- TASK OBJECTIVE -
Copy the data exactly as it appears, and do not include any pictures.

- INPUT DATA -
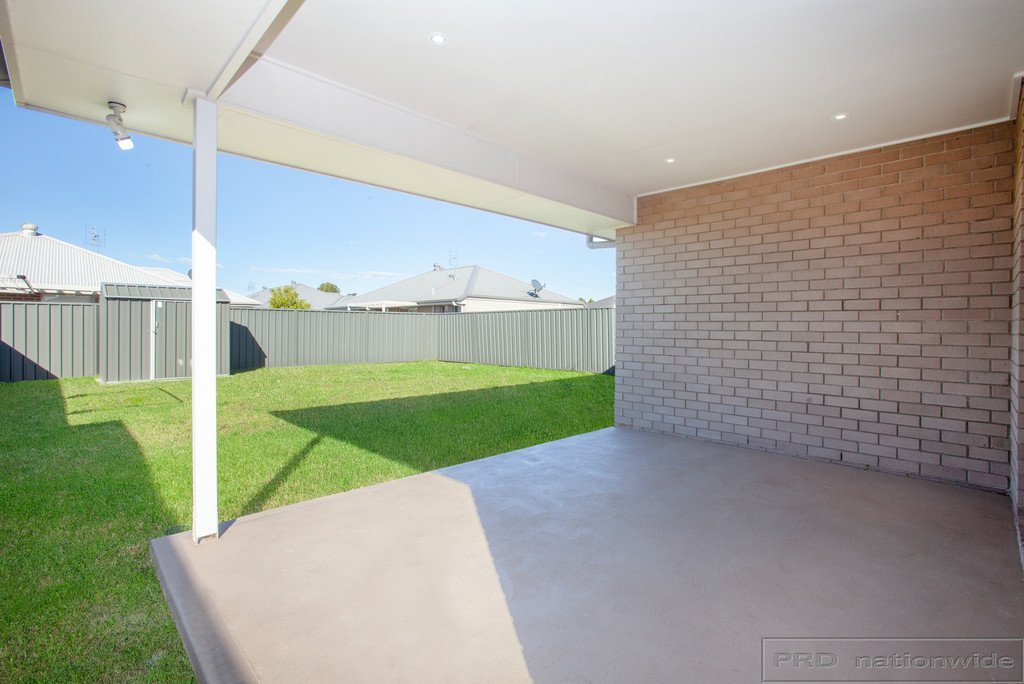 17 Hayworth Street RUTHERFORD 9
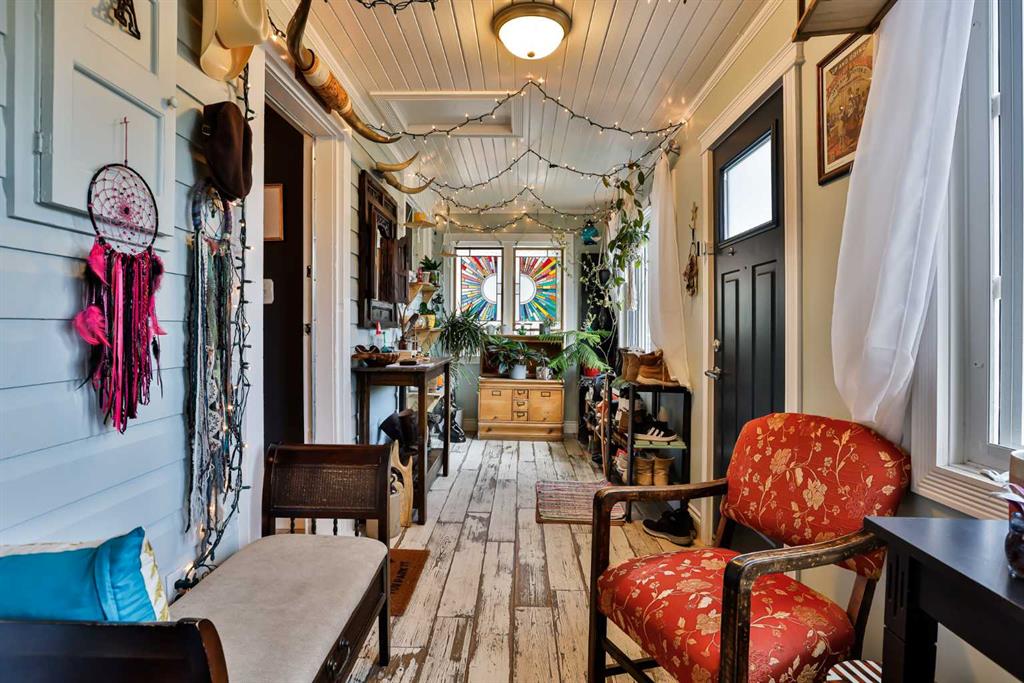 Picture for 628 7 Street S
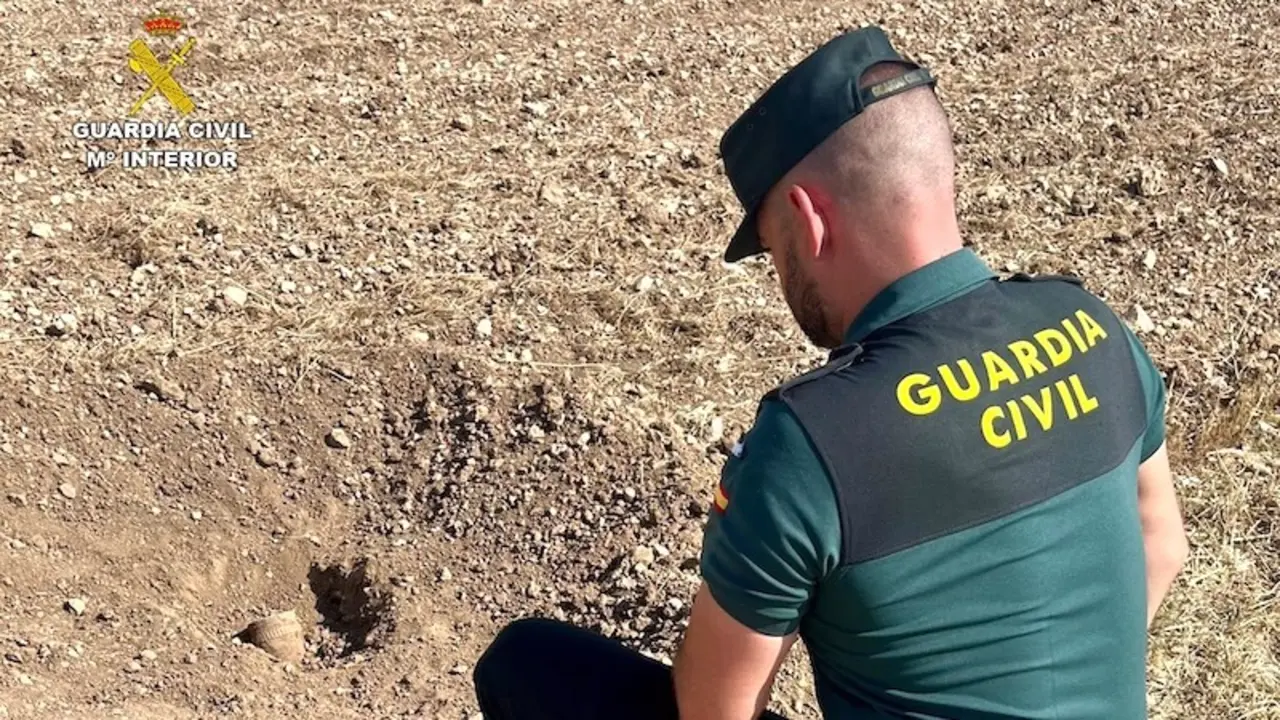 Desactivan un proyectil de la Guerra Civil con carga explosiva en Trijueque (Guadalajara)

- ANSWER TO THIS TASK -
 17 Hayworth Street RUTHERFORD 9
 Picture for 628 7 Street S
 Desactivan un proyectil de la Guerra Civil con carga explosiva en Trijueque (Guadalajara)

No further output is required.